A Peabody Award–winning NPR science reporter chronicles the life of a turn-of-the-century scientist and how her quest led to significant revelations about the meaning of order, chaos, and her own existence.
Miller began doing research on David Starr Jordan (1851-1931) to understand how he had managed to carry on after the 1906 San Francisco earthquake destroyed his work. A taxonomist who is credited with discovering “a full fifth of fish known to man in his day,” Jordan had amassed an unparalleled collection of ichthyological specimens. Gathering up all the fish he could save, Jordan sewed the nameplates that had been on the destroyed jars directly onto the fish. His perseverance intrigued the author, who also discusses the struggles she underwent after her affair with a woman ended a heterosexual relationship. Born into an upstate New York farm family, Jordan attended Cornell and then became an itinerant scholar and field researcher until he landed at Indiana University, where his first ichthyological collection was destroyed by lightning.
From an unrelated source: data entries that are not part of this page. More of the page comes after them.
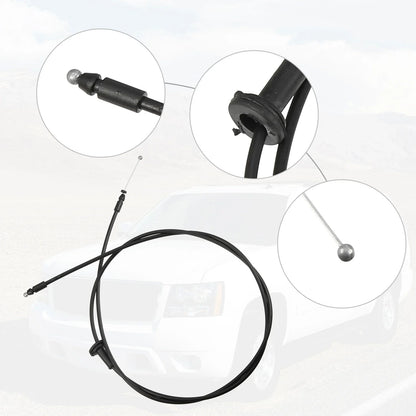 Hood Release Cable for Hyundai Sonata (2006-2010)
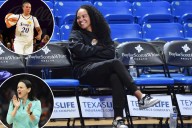 Kristi Toliver has Liberty head coach interview on horizon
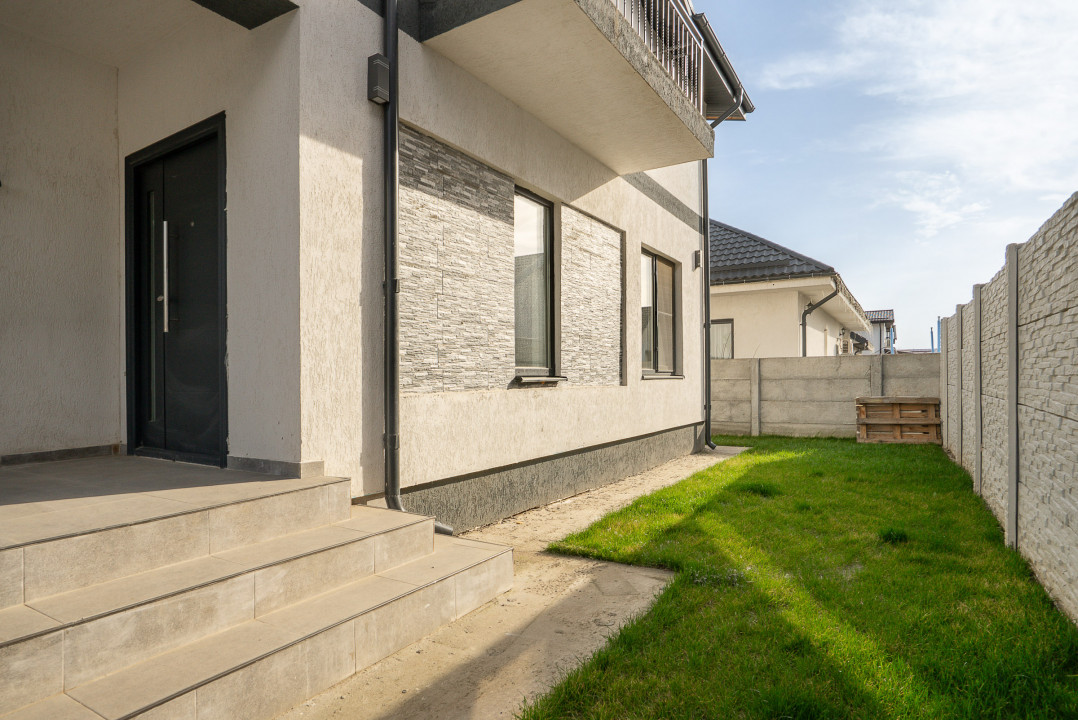 Vila noua individuala Tineretului-langa gradinita noua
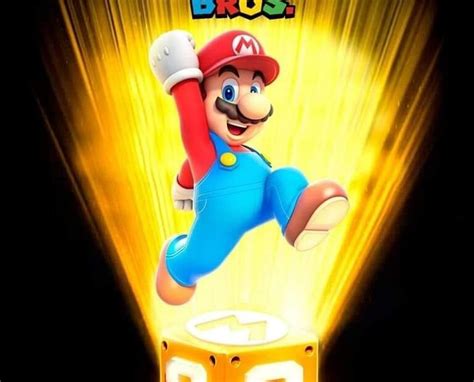 Pel Cula De Super Mario Bros Retrasada Hasta
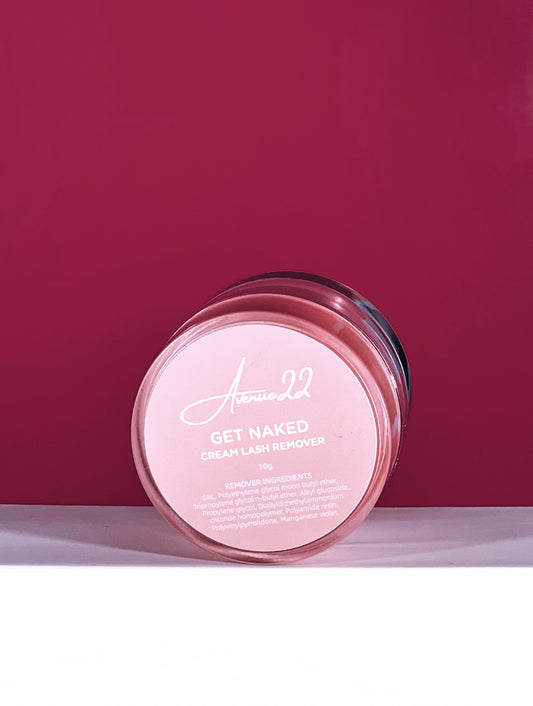 'Get Naked' Lash Remover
In between this catastrophe and others involving family members’ deaths, he reconstructed his collection. Later, he was appointed as the founding president of Stanford, where he evolved into a Machiavellian figure who trampled on colleagues and sang the praises of eugenics. Miller concludes that Jordan displayed the characteristics of someone who relied on “positive illusions” to rebound from disaster and that his stand on eugenics came from a belief in “a divine hierarchy from bacteria to humans that point[ed]…toward better.” Considering recent research that negates biological hierarchies, the author then suggests that Jordan’s beloved taxonomic category—fish—does not exist. Part biography, part science report, and part meditation on how the chaos that caused Miller’s existential misery could also bring self-acceptance and a loving wife, this unique book is an ingenious celebration of diversity and the mysterious order that underlies all existence.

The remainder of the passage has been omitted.